Он поднял заплаканные глаза.

— Ксюша, но я ведь Ирин отец.

— Отец, — кивнула она. — Этого не отнимешь, даже если захочется. Кровь остаётся кровью. Видеться с дочкой пожелаешь — приходи, запрещать не стану. Я не буду перед ребёнком отца грязью мазать. Вырастет Ира, узнает и решит сама. Захочет тебя знать — её право, не захочет — тоже. Но мужем и хозяином сюда ты уже не вернёшься. Своё место ты продал тому городскому за два билета.

Виктор стоял, опустив голову. Оксана ушла в сени, отрезала краюху свежего хлеба, отломила вызревшего сыра. Завернула в чистую тряпицу и вынесла ему.

— Возьми поесть. Дорога неблизкая.

Он принял узелок дрожащими руками, не взглянув на неё.

— Иди, Виктор. Дальше живи как знаешь, — тихо сказала Оксана. — Желать тебе зла грешно, я и не желаю. Только в моей жизни места для тебя больше нет. Ступай.

Ещё мгновение он постоял, будто собирался что-то добавить, но промолчал. Сгорбившись, направился к калитке, сжимая хлеб с сыром. Возле ворот оглянулся.
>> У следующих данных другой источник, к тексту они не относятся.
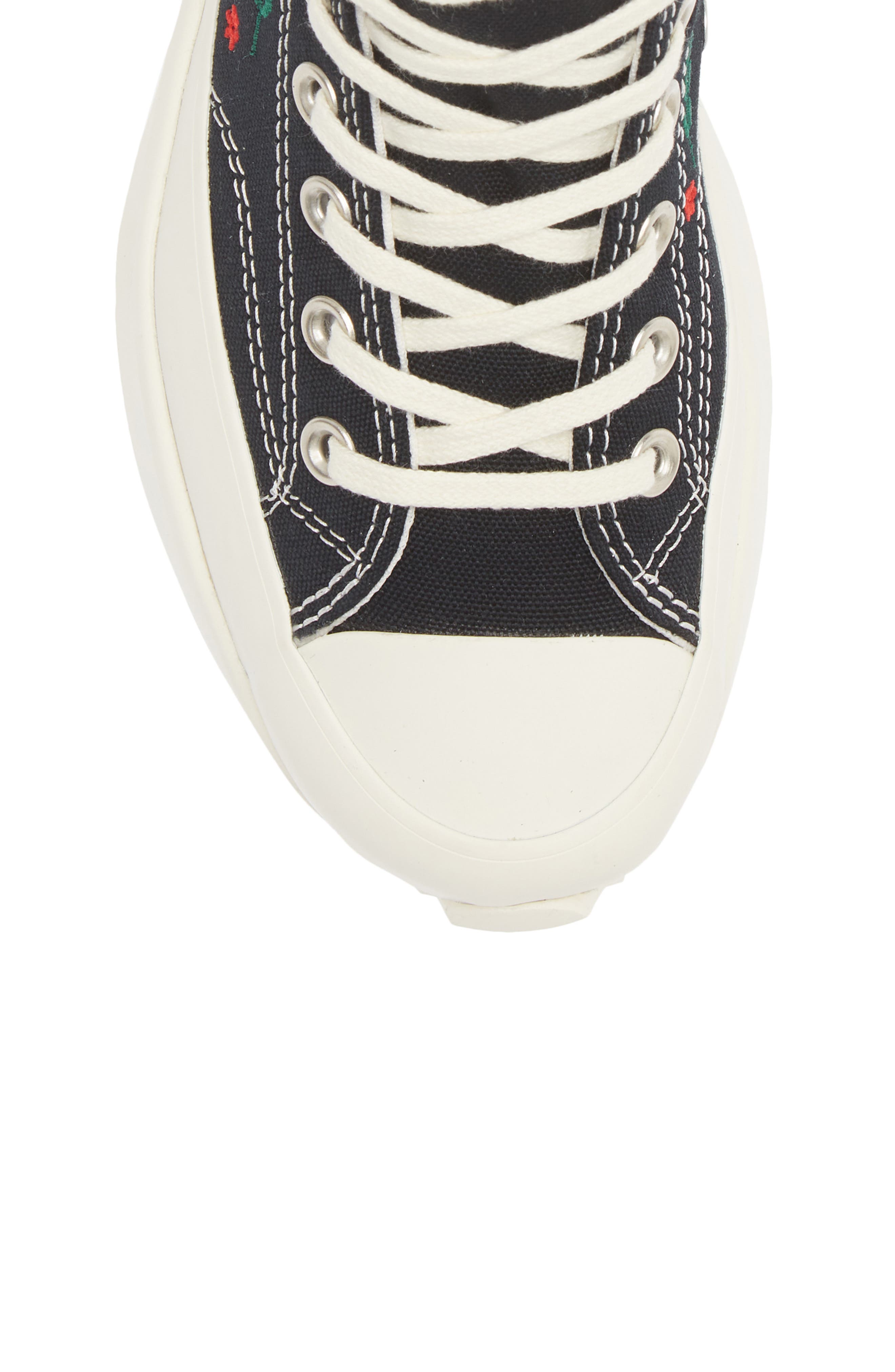 Converse Chuck Taylor<sup>®</sup> All Star<sup>®</sup> Run Star Hike Embroidered High Top Platform Sneaker, Alternate, color,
Оксана уже смотрела на Иру. Босая девочка в ситцевом платье выбежала из дома с котёнком на руках и прижалась к матери.

— Мам, кто приходил?

Оксана провела ладонью по её светлым волосам. Один раз, в последний раз, посмотрела на удалявшуюся сутулую спину и отвела глаза.

— Никто, дочка. Прохожий попросил хлеба в дорогу, вот я и дала. Не звери же мы, чтобы голодному отказать.

Взяв Иру за руку, она повела её домой. На высоком берегу Светлой стоял их спасённый, тёплый, полный дом; молоко, укроп и свежий сыр пахли в нём так, как прежде пахли бабушкины руки. За окнами стихал августовский вечер. В хлеву мычали коровы, погреб хранил вызревающие круги. Под старой иконой в красном углу едва теплилась лампадка — словно с того света и впрямь присматривали за женщиной, девочкой и домом, хозяйками которого они остались.

За уходящим стукнула калитка. Оксана головы не повернула. Больше она назад не оглядывалась: впереди росла дочь, наполнялся погреб, продолжалась пережившая боль, очистившаяся жизнь — светлая и прямая, словно просёлочная дорога утром, пока её ещё не запылили.